New Enrichment!

New Enrichment

Due to the extremely cold weather lately, every day is a challenge to clean as many chimp enclosures as possible, without sending them outside. I am often asked if the chimps like the snow, and my response is always- How do you like walking barefoot in the snow? (People usually haven’t considered this aspect .) When the chimps do go out, they tend to travel from dry patch to dry patch as quickly as possible, and collect blankets to bundle up in. Today, it had been a few days since we had been able to clean the indoor Playhouse enclosure, so we went all out with enrichment. Herbie, Thiele, Emma, and Jackson spent a good hour exploring all the exciting foods. Emma snagged about 12 salad boxes of lettuce and chowed down. Thiele grabbed three heads of romaine lettuce and an onion. Herbie went straight for the kiddie pools filled with ice and frozen strawberries, and found a container that had a tiny bit of honey. He licked all that he could out of it, and continued to carry it for the next half hour, hoping he could enjoy a few more drops. He also snagged a coconut, but seemed a bit perplexed as to how to get into it. Later we saw Thiele with another coconut, and rather than smashing it or biting it like some of the other chimps do, she just put one foot on it, bounced up and down a few times with all her weight on it, and cracked the fruit in half! In order to avoid getting his hands too cold in the ice pools, Herbie dumped the whole thing out, so he could pick out the fruit. A few minutes later, Thiele did the same thing with the other pool! It’s amazing how one chimp’s brilliant idea is picked up and used by another one.

The real highlight of new enrichment was a device that Kaleigh conceived, and I helped her build. It’s a wooden post with holes of various sizes drilled in it, and then many pvc rings, just larger than the post, stacked surrounding it.

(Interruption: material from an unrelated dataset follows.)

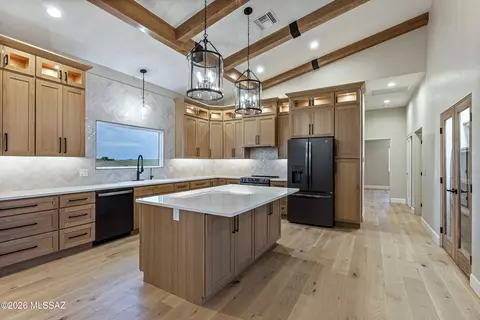 Kitchen - 12 Cattle Ranch Ln, Elgin, AZ 85611 photo 4 of 5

In the holes, we hid treats and bits of honey, and the chimps had to slide the rings up and down to access the holes. Jackson was interested, but didn’t really understand what he had to do, and wasn’t interested in standing up long enough to get the treats out. Thiele came along, and pulled it toward her, holding it horizontally, and moving the rings to get the best treats out of it. Jackson attempted to scavenge while she held it, but Thiele is serious about her treats, and was far more successful. After she got all that she wanted, Jackson came in as cleanup crew and finished off all Thiele had left behind. We are excited to try this device out with different chimps and treats. It was clearly a good challenge that kept them busy problem solving for a long time!